An interview with Justine Bellefeuille

The studio arts student sat down with our assistant arts editor to discuss ceramics, working with chicken flesh, and more

Multidisciplinary artist Justine Bellefeuille is in the process of obtaining her BFA in studio arts at Concordia, where she previously completed the contemporary dance major program. Her practice revolves around the themes of feminism and violence against women, ideas she explores in both of her preferred artistic mediums. Bellefeuille is currently working on the dance piece OVERLOAD, which will be presented at Tangente from April 9 to 12. The choreographer first created this piece for five dancers in December 2019, and will now present an evolved version on stage.

Comfortably seated on a wooden stool, with her elbows resting on the marble counter top of a café, Bellefeuille shared her current passions and fascinations with The Concordian. 

The Concordian: How would you describe your artistic practice?

Justine Bellefeuille: I do dance, as a choreographer more than a performer. I am also a visual artist. I work a lot in painting, oil painting more specifically. And recently, I have started to work with ceramics. 

TC: How did you decide to develop those two artistic practices?

JB: It was really instinctive. In CEGEP, I studied visual arts. When I completed my degree, I wanted to study dance and to dive into this other medium, but visual arts was always in the back of my mind. I really liked it; I was very passionate about it. So, it is passion that led me to mix both. I think they inform each other. I don’t necessarily use visual arts objects in my dance projects, but in the movements’ aesthetic and in the costumes I create, my visual arts background appears. On the other side, movement can be very present in my paintings, and in my sculptural pieces. 

TC: Have you created projects that mix both disciplines?

JB: I think both disciplines are omnipresent in one another, but my ultimate goal would be to purposefully combine them. For instance, [for] my piece Pulpeux, which I created in March 2020, I started with painting. My goal wasn’t to work with dance, it was to create an image. Finally, after talking with a friend who is a dance performer, I realized that we could use [the painting] to create movements. Movement appeared from the shapes, the in-between spaces, the negative spaces that were created between the shapes and lines of the painting. The performer really followed those shapes to create other shapes in her body.

TC: What themes are you interested in?

JB: More and more I’m developing a feminist approach. Currently, I’m interested in violence against women, be it extreme aggressions or imperceptible daily aggressions. Recently, I also started to question myself about my own relationship with my body as a woman. I am questioning myself about if we perform our femininity, what defines this femininity, what is it exactly. Is it influenced by the pressure of men’s gaze, or is it a pressure that we constantly put on ourselves?

TC: You are currently working on the dance performance OVERLOAD. How does your feminist approach appear in this work? 

JB: For this piece, I am interested […] in the violence against women, how we experience this and how we perceive this personally. Some of the performers in the piece may have experienced such violence, others may have only witnessed it. But to be a witness is also something that is very hard to deal with. […] In the dance piece, each of the performers explores what this means to her. There is a lot of rage that comes out, there are a lot of contraction movements, spasms. During most of the piece, the performers are grouped together, which brings forward this idea of solidarity. They are a group, and they are [in] solidarity, but they also all live different things. 

TC: How would you describe your creative process for this dance piece?

JB: For OVERLOAD, the initial idea was rage. I was looking at harassment at first. With the performers of the initial piece, we worked a lot with improvisation. There were more sensorial improvisations and more formal ones related to images. We tried to represent something, harassment for instance. It slowly diverged towards something more minimalist, more abstract. That was the beginning of the process. Now at the start of every rehearsal, we sit together to chat. We share situations that we have witnessed, information we have seen, statistics related to violence against women. 

TC: Can you tell me about your recent discovery of ceramics?
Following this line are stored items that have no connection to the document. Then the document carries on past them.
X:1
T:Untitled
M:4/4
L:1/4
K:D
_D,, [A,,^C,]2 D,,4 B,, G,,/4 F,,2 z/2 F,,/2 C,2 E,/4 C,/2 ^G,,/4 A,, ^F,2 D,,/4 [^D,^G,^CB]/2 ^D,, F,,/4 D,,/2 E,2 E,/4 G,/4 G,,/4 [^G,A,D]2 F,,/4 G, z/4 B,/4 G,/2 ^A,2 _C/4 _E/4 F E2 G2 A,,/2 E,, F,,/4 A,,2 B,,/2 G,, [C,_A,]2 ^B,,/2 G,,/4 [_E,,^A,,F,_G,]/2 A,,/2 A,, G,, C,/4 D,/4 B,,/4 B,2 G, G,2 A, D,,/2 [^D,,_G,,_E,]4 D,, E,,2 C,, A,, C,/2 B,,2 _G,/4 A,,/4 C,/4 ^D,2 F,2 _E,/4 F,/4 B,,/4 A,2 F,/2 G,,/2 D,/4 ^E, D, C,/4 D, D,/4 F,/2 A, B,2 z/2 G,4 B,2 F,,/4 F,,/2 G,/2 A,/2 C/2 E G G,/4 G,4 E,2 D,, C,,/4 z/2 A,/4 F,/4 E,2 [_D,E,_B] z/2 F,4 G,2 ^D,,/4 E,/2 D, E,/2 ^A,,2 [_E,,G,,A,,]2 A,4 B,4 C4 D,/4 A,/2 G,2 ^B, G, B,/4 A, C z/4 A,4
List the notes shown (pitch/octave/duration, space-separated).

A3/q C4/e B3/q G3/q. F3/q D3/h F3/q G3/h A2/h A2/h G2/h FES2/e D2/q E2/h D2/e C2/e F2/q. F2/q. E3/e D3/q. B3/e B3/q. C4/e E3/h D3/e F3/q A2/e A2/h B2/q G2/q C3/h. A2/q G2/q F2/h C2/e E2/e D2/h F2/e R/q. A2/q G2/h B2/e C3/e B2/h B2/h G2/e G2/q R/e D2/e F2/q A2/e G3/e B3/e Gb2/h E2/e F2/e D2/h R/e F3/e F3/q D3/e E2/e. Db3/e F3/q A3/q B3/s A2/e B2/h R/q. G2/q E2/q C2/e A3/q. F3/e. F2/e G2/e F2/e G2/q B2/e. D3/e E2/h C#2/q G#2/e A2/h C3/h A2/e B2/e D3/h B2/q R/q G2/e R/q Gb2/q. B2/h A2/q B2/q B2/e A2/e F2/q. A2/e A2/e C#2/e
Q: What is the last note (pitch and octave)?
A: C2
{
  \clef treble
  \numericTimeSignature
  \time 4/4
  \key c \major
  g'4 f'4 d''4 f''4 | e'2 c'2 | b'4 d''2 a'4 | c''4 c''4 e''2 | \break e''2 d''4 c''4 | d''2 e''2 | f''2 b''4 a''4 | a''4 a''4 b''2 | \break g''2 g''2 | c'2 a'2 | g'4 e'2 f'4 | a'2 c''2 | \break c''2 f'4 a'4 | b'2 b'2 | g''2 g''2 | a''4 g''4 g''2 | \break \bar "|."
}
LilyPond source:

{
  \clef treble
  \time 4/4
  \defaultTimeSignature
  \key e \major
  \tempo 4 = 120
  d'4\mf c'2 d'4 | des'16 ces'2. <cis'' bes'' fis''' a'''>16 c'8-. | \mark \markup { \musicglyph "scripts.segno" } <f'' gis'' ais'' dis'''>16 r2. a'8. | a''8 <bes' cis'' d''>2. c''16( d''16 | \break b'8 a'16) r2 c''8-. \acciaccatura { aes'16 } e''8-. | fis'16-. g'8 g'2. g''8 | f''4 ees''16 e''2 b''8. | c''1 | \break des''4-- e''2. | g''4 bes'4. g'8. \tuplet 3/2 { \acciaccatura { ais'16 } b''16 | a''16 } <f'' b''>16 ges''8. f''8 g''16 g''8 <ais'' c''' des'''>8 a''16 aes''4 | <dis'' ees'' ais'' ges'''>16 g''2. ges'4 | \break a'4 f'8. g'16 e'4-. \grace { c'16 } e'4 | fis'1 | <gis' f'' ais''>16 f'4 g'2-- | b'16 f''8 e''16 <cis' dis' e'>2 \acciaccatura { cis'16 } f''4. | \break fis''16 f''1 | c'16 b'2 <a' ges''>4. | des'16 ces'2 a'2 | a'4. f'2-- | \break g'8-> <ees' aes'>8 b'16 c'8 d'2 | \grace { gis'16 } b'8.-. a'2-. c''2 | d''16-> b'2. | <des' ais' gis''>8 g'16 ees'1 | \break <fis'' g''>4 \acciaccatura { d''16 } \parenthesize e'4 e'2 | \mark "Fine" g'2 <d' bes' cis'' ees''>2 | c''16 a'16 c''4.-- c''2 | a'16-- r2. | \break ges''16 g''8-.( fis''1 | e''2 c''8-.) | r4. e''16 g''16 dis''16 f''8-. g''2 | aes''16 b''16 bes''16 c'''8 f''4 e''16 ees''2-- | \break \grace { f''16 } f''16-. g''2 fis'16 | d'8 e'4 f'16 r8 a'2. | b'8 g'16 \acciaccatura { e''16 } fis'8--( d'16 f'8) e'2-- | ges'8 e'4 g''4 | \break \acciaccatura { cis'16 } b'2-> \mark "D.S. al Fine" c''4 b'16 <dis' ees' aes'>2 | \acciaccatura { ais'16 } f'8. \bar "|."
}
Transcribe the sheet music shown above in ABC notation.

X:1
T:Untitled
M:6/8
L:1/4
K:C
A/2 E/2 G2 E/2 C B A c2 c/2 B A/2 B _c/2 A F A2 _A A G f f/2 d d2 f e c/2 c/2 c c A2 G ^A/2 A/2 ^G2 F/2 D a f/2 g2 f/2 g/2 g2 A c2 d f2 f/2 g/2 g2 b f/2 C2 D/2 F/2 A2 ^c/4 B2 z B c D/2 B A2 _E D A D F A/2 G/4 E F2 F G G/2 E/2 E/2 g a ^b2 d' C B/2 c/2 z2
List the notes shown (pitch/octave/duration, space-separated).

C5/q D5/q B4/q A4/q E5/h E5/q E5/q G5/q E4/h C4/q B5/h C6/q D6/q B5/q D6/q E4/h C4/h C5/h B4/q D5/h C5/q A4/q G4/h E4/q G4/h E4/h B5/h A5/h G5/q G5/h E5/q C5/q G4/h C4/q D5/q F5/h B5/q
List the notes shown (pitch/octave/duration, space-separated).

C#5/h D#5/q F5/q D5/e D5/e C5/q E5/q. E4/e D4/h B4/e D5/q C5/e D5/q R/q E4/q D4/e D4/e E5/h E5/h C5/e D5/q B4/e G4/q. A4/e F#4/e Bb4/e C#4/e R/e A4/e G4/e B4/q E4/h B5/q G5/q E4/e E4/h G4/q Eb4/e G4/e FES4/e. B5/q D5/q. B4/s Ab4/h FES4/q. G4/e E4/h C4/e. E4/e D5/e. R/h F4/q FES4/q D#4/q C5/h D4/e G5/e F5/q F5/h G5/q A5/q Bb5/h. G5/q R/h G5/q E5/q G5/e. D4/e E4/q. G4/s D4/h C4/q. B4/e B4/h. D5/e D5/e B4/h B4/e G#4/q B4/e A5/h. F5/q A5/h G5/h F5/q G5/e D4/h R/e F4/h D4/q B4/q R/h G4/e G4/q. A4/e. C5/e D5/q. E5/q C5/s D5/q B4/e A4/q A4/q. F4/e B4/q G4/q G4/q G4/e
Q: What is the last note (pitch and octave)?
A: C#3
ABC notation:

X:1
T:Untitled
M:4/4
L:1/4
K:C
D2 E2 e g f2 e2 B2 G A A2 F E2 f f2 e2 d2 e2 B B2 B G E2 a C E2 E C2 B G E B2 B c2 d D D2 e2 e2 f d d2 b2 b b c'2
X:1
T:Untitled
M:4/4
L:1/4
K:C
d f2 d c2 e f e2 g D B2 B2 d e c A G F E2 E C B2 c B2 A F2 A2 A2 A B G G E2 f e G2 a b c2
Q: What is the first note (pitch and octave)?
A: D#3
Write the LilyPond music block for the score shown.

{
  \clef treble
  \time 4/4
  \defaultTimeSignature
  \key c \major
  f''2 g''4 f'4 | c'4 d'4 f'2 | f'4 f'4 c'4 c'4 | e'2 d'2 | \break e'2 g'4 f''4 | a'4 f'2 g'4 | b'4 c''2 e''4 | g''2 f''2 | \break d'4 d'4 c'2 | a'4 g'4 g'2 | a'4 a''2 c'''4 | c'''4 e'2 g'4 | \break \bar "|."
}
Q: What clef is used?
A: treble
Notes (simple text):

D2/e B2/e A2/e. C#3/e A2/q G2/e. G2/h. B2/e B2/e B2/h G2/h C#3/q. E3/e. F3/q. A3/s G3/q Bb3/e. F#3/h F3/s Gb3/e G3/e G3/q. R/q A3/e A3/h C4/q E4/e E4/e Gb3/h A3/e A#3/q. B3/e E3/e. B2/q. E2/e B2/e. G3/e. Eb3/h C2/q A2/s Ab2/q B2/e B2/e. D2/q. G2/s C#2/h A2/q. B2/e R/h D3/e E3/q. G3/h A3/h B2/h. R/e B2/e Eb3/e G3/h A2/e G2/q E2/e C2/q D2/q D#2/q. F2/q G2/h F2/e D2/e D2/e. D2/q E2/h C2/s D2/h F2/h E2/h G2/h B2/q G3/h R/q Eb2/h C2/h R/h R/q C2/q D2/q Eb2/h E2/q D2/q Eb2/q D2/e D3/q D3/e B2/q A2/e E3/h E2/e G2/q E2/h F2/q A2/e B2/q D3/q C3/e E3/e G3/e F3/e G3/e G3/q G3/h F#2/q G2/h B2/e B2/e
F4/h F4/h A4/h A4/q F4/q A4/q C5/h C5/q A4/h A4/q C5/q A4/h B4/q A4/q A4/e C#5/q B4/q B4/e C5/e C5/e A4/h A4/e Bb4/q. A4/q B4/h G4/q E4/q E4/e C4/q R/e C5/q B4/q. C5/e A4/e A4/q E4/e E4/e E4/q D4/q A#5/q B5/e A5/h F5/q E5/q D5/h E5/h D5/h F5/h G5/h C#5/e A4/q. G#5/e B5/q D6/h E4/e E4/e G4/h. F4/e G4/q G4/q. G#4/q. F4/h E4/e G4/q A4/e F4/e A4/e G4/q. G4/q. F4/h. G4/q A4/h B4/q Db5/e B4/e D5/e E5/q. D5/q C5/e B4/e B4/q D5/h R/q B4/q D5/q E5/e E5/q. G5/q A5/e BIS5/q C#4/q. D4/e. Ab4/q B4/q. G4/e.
JB: There is a very physical and tactile aspect to ceramics that I really like. There is also the aspect of reconnection with nature. I am currently taking a class during which we talk about the origins of clay, and where it comes from since it’s a material that comes from nature. Working with this material and knowing where it comes from creates a connection to the body, and to Earth. It’s very physical. Also, with ceramics, there are no limits. I can create what I want. It is a very fluid material. I can work however I want. And the glazes give me even more options. I am interested in the texture of chicken flesh. Therefore, I work with glossy glazes that can give a flesh-like effect. I had been looking for a long time for a material that could create this kind of effect and now that I’ve found it, I explore it. 

TC: How did you start working with chicken flesh?

JB: I have been working for a long time on this and I still question myself about it. It started with a project I did with chicken flesh in 2020. I took pictures of a raw chicken. I used these photographs to edit and cut them in Photoshop. I then recreated this new image in a painting. Since then, I [have been] fascinated with it, for its colour, for its connotation. I titled this first piece Cocotte. There was a connotation, a critique of women’s place in society. Through my current explorations, I try to understand why I’m so fascinated by chicken flesh. I think it is very, very visceral. There is something cruel, since it is raw, it is dead. I think there is something very violent also. It is sensual and delicate, but also violent. 

TC: Do you have artistic projects in mind for the future? 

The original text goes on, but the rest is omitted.